È possibile individuare almeno quattro modi
pratici in cui le OI possono effettivamente promuovere la democratizzazione
interna (cfr. Pevehouse 2002).
In
primo luogo, le OI possono utilizzare la condizionalità positiva attraverso la
concessione di fondi specifici per promuovere governi democratici o sostenere
riforme democratiche.
Questo
è, ad esempio, il caso del Fondo per la democrazia delle Nazioni Unite. Ancora
più importante, le OI possono specificare che nuovi stati possano essere
accettati come loro membri al raggiungimento di una soglia democratica minima.
L'UE,
il MERCOSUR e l'OSA sono esempi di OI che richiedono ai potenziali membri di
raggiungere una certa soglia di democraticità prima di essere accolti (cfr.
Hakim 1993).
L’appartenenza ad alcune OI fornisce spesso
vantaggi materiali, che vanno dall'accesso alle zone di libero scambio, alla
cooperazione in materia di sicurezza e nei settori culturale, scientifico e
tecnologico.
Questi
incentivi forniscono validi motivi ai potenziali membri per avviare e
consolidare la transizione verso la democrazia.
In
secondo luogo, utilizzando la socializzazione, le OI possono fornire uno spazio
in cui i paesi in transizione, attraverso la vicinanza con democrazie
consolidate, possono imparare a sviluppare le istituzioni democratiche e
possono interiorizzare le norme richieste per governare una politica
democratica.
In
questo senso, le OI possono essere una forma di trasmissione della conoscenza
sulla governance democratica e sulle sue istituzioni (cfr. Torfason, Ingram 2010).
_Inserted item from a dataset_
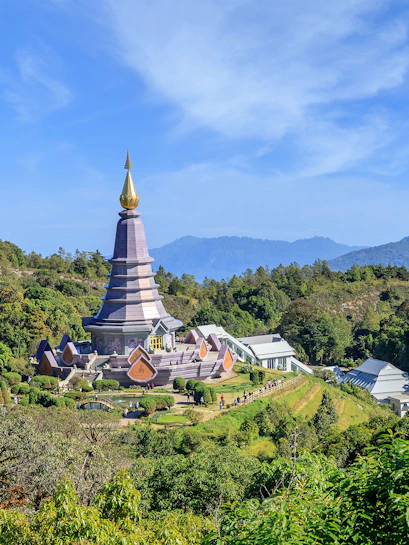 Noppamethanedon and Nopphonphusiri pagodas on Kew Mae Pan trail, Doi Inthanon, surrounded by lush greenery.
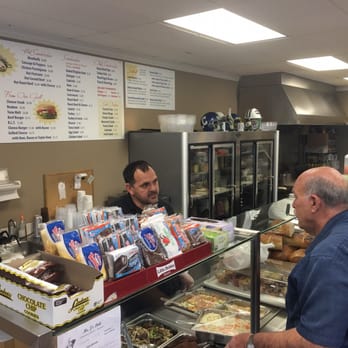 Mr. J's Deli - Owner and customer over the hot food bar. - Delis Near Me - Cranford, New Jersey Mr. J's Deli - Owner and customer over the hot food bar. - Delis Near Me - Cranford, New Jersey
Le OI possono aiutare i partiti politici nazionali, le
associazioni professionali e l'opinione pubblica a imparare come gestire le
controversie in un formato agonistico piuttosto che antagonistico.
Spesso
le OI svolgono anche un ruolo più attivo come consulenti di istituzioni
pubbliche e private.
Durante le transizioni democratiche, le OI
hanno contribuito a formare o riqualificare la polizia, il sistema giudiziario,
i media. Particolarmente importante è il ruolo svolto nella socializzazione dei
militari, tipica istituzione su cui si basano i regimi autoritari.
All'interno
delle OI, le forze militari dei paesi in transizione possono imparare dai loro
colleghi dei regimi democratici qual è il loro ruolo in una società
democratica.
Terzo, le OI hanno dimostrato di essere un
potente strumento di controllo e quindi possono svolgere un ruolo cruciale
nelle transizioni democratiche.
I governi autoritari in carica sono spesso
riluttanti a rinunciare al loro potere anche perché temono per il proprio
futuro.
Possono
paventare che se gruppi politici opposti accedono al governo, imporranno la
propria dittatura piuttosto che un regime liberale.
Le
forze autoritarie in carica hanno maggiori probabilità di farsi da parte se
intravedono uno spazio politico come partito di opposizione e se viene loro
garantito, anche dalle OI, che nel prossimo regime, poiché democratico, siano
possibili cambiamenti di governo associati a elezioni libere e ricorrenti.
L'appartenenza
a OI aiuta a fornire un centro di gravità (cfr. Pevehouse 2002) in cui tutti i
membri possono agire come mediatori per garantire il non uso della violenza del
governo in carica contro le opposizioni.
Quarto, le OI sono spesso chiamate a fare
da mediatori nelle democrazie giovani e deboli, dove esiste ancora una
fondamentale mancanza di fiducia tra le fazioni politiche.
Ad
esempio, le OI sono state sempre più attive nel contribuire all'organizzazione
e al monitoraggio delle elezioni, fino al punto che sta emergendo come una
nuova norma (vedi Kelley 2012).
Una
organizzazione relativamente recente, l'Istituto Internazionale per la
Democrazia e l'Assistenza Elettorale (IDEA) ha spesso aiutato i paesi a
progettare i loro sistemi elettorali e altre OI sono state attive in questo
ambito, specialmente a livello regionale (cfr. Lean 2007).
Non
necessariamente le OI devono avere al proprio interno dispositivi democratici
affinché abbiano un effetto positivo sul regime politico dei loro paesi membri
(cfr. Koenig-Archibugi 2015).
Tuttavia,
quando sono dominate da paesi democratici, esse rappresentano un potente
strumento per indurre altri membri a introdurre riforme democratiche.
Cosa
si può fare per rendere più efficace la leva esterna?
La
leva esterna non fornisce risultati unici, ma può essere un veicolo cruciale
per la democratizzazione interna.
Che
cosa si può fare per renderla ancora più efficace?
L'impegno
esplicito delle OI verso la democrazia.
L'impegno
esplicito per la democratizzazione e il consolidamento democratico da parte
delle OI può generare importanti implicazioni interne.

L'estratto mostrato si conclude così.